"It was not yet known whether the new strain was more aggressive than the current A(H1N1) virus which has been declared pandemic by the World Health Organization," reported Agence France Presse, setting the mood for a new round of pandemic panic.
But this "new" strain is nothing of the sort. In fact, the sequence of its gene for the haemagglutinin surface protein, deposited in the GenBank database, is the same as isolates from several other countries.
"There is nothing new and surprising about it.
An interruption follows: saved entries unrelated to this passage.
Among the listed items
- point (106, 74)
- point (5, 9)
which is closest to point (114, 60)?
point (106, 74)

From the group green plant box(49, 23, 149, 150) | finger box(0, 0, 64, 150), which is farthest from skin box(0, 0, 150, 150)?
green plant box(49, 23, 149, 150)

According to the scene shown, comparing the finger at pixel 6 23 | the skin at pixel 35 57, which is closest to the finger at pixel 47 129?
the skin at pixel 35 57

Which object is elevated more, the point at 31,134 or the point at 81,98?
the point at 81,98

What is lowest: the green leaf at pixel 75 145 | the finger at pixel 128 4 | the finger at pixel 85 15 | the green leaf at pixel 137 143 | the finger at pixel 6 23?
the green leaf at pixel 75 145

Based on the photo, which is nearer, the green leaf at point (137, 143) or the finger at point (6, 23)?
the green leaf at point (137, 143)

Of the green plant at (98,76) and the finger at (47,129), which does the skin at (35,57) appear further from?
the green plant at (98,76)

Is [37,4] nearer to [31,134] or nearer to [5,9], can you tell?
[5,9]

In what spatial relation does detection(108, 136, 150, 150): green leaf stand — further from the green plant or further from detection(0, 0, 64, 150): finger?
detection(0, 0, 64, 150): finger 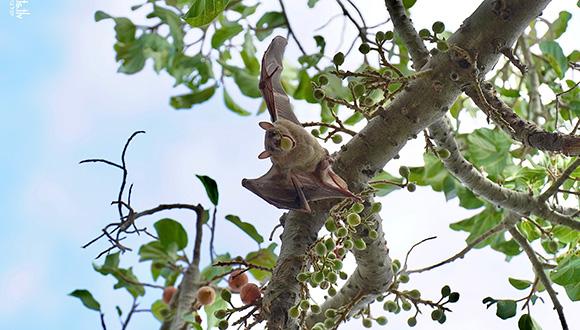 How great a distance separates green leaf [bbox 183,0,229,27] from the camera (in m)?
0.60

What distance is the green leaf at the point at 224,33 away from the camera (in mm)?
1185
It is identical to the others," said Richard Webby of St Jude Children's Research Hospital in Memphis, Tennessee.
The scare seems to be based on a misunderstanding of a "technical note" posted on the website of the Adolfo Lutz Institute in Saõ Paulo. It states that researchers led by Terezinha Maria de Paiva sequenced the haemagglutinin and matrix protein genes from a virus isolated from a 26-year-old man who was hospitalized in Brazil in April after a trip to Mexico, finding subtle differences for the haemagglutinin gene from a single reference strain of H1N1 isolated in California.
The note doesn't mention that the sequence is the same as other isolates found elsewhere. Even so, subtle changes from a single reference strain are nothing to get terribly excited about, given the normal rates of mutation in influenza viruses. "It's what you'd expect for influenza," says Adolfo García-Sastre of the Mount Sinai School of Medicine in New York.